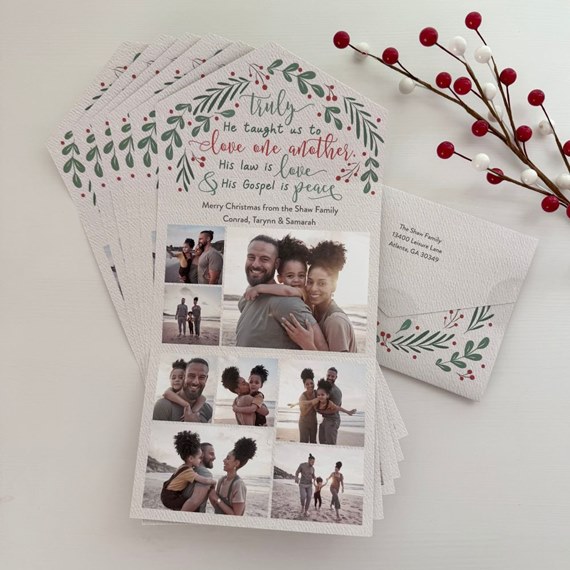 Christmas card with photo collage area and decorative border
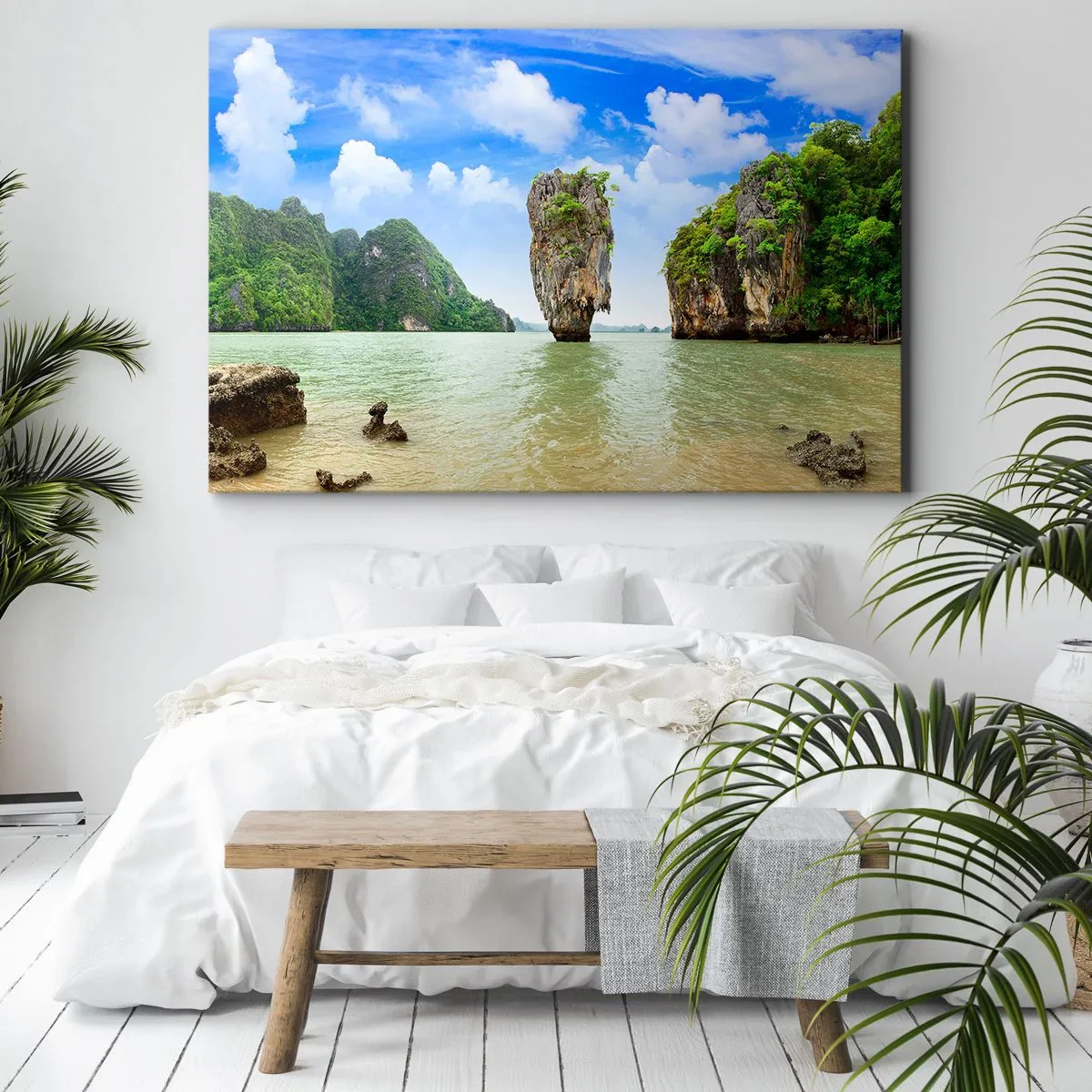 Canvas picture - An exotic rock formation surrounded by water and greenery under a blue sky. - 70x50cm - Rocky Oddities of Nature - Modern wall decoration for the living room and bedroom ARTTOR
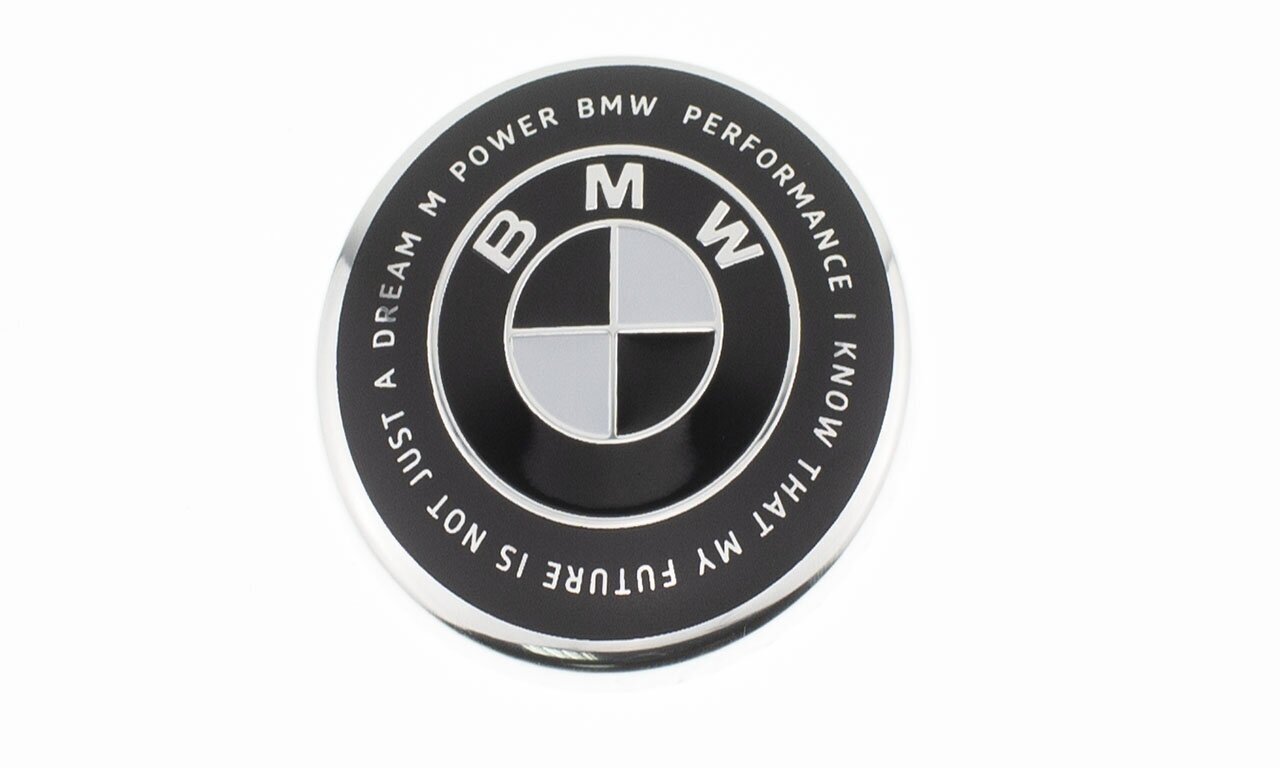 Эмблема на руль для BMW новый стиль (черно-белая) 45 мм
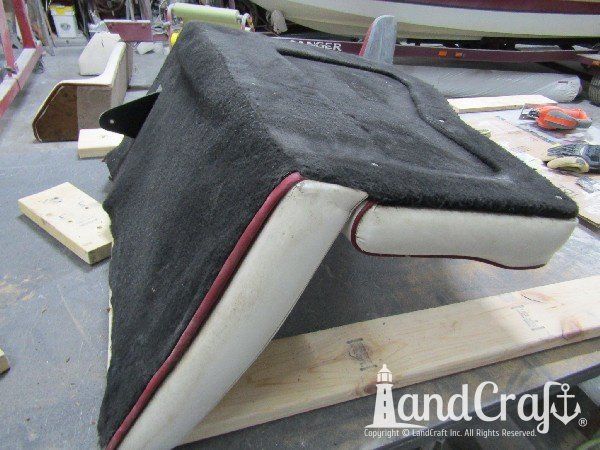 Sanger boat upholstery before restoration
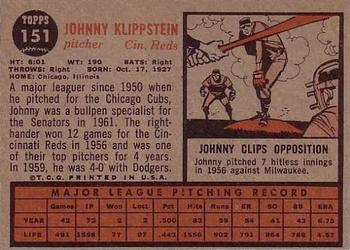 Johnny Klippstein  baseball card collectible - Main Image 2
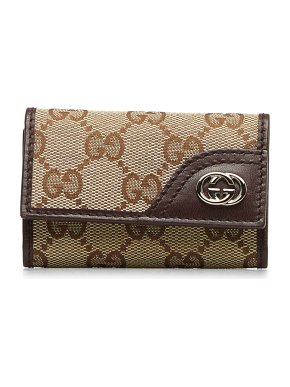 Gucci Brown Monogram GG Canvas Britt Key Holder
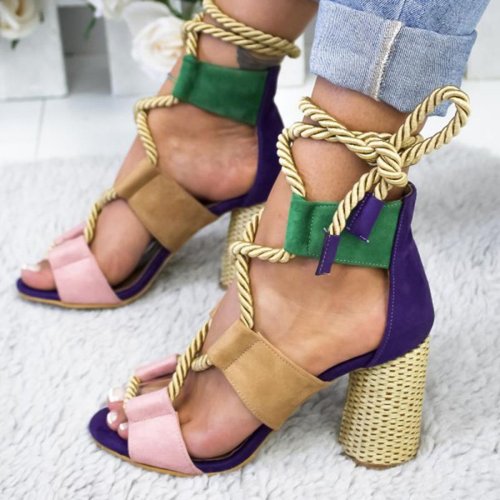Chunky High Heel Stilettos Women Candy Colorful Peep Toe Sandals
════════════════════
■ Prompt
Line by line, output the material above exactly, passing over the pictures.

■ Task result
 Christmas card with photo collage area and decorative border
 Canvas picture - An exotic rock formation surrounded by water and greenery under a blue sky. - 70x50cm - Rocky Oddities of Nature - Modern wall decoration for the living room and bedroom ARTTOR
 Эмблема на руль для BMW новый стиль (черно-белая) 45 мм
 Sanger boat upholstery before restoration
 Johnny Klippstein  baseball card collectible - Main Image 2
 Gucci Brown Monogram GG Canvas Britt Key Holder
Chunky High Heel Stilettos Women Candy Colorful Peep Toe Sandals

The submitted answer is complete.